Short descriptive text snippets:
Content starts

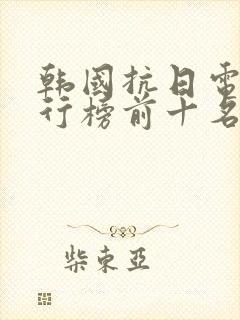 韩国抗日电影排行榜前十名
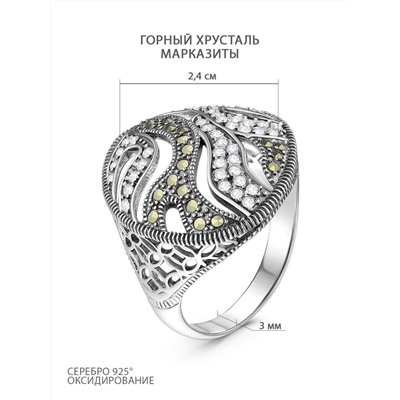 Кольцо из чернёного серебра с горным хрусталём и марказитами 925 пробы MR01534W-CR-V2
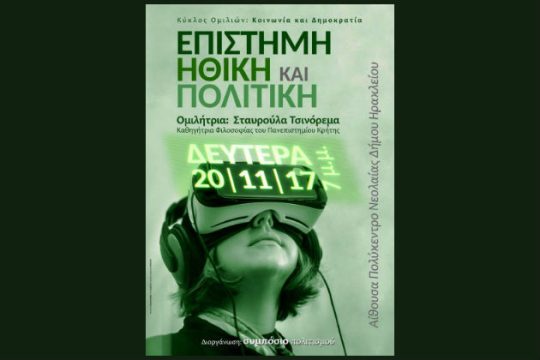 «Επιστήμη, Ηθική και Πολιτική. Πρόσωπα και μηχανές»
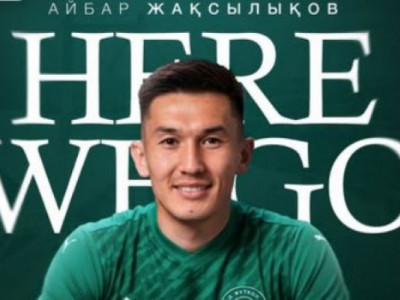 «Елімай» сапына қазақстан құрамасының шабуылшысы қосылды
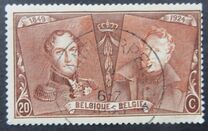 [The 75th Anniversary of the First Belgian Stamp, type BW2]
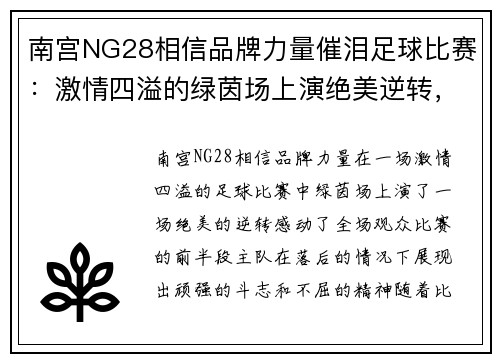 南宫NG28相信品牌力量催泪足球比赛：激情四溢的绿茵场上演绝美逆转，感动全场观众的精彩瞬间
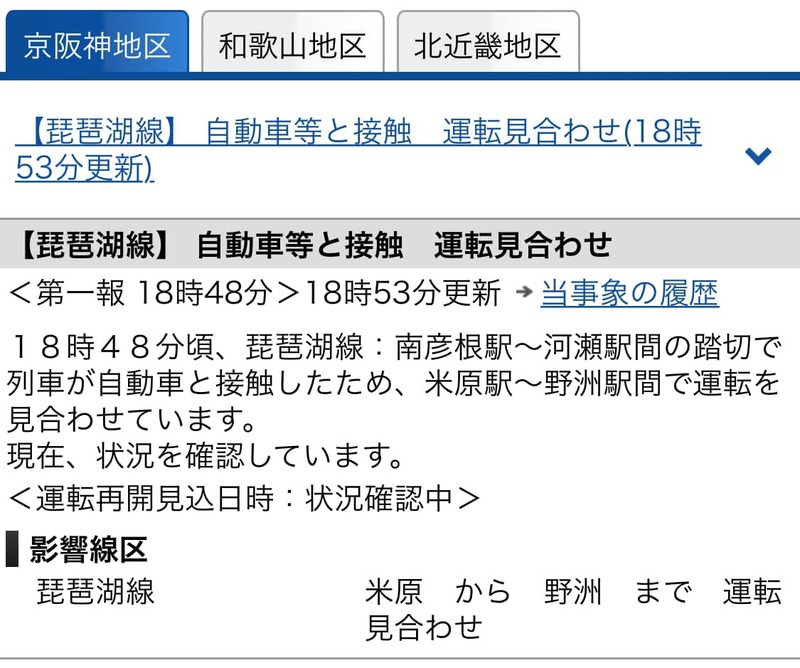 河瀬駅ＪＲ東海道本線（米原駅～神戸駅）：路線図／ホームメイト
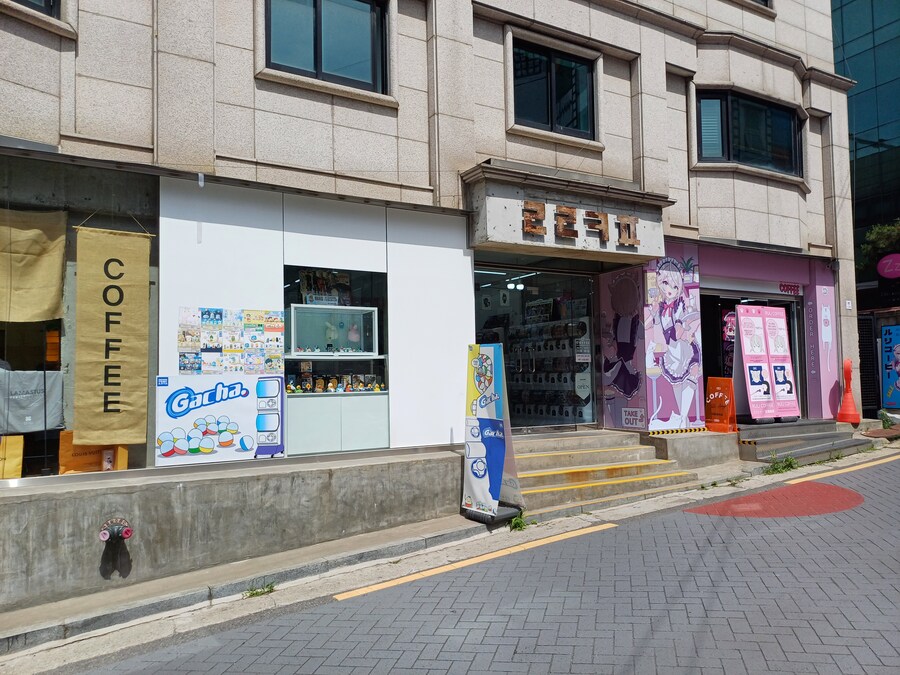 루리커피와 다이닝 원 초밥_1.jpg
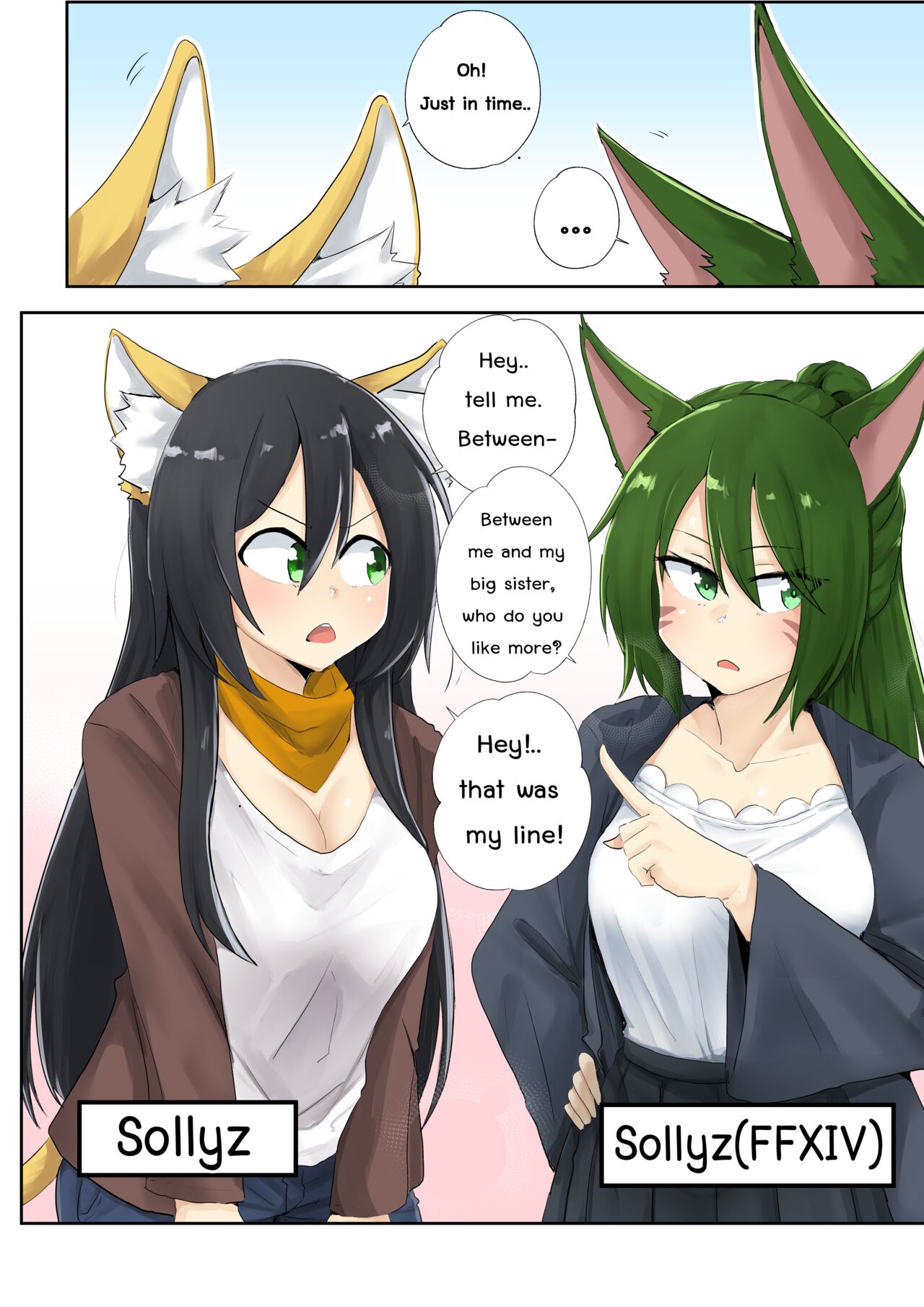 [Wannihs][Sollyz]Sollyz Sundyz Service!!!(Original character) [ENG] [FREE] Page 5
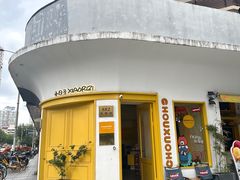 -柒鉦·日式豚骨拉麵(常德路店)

Content ends

▶ _YOUR GOAL_:
Where a picture appears in the records above, omit it, and transcribe exactly the stretch of lines from the one with "Кольцо из чернёного" through the one with "南宫NG28相信品牌力量催泪".

▶ _ANSWER TO THIS EXERCISE_:
 Кольцо из чернёного серебра с горным хрусталём и марказитами 925 пробы MR01534W-CR-V2
 «Επιστήμη, Ηθική και Πολιτική. Πρόσωπα και μηχανές»
 «Елімай» сапына қазақстан құрамасының шабуылшысы қосылды
 [The 75th Anniversary of the First Belgian Stamp, type BW2]
 南宫NG28相信品牌力量催泪足球比赛：激情四溢的绿茵场上演绝美逆转，感动全场观众的精彩瞬间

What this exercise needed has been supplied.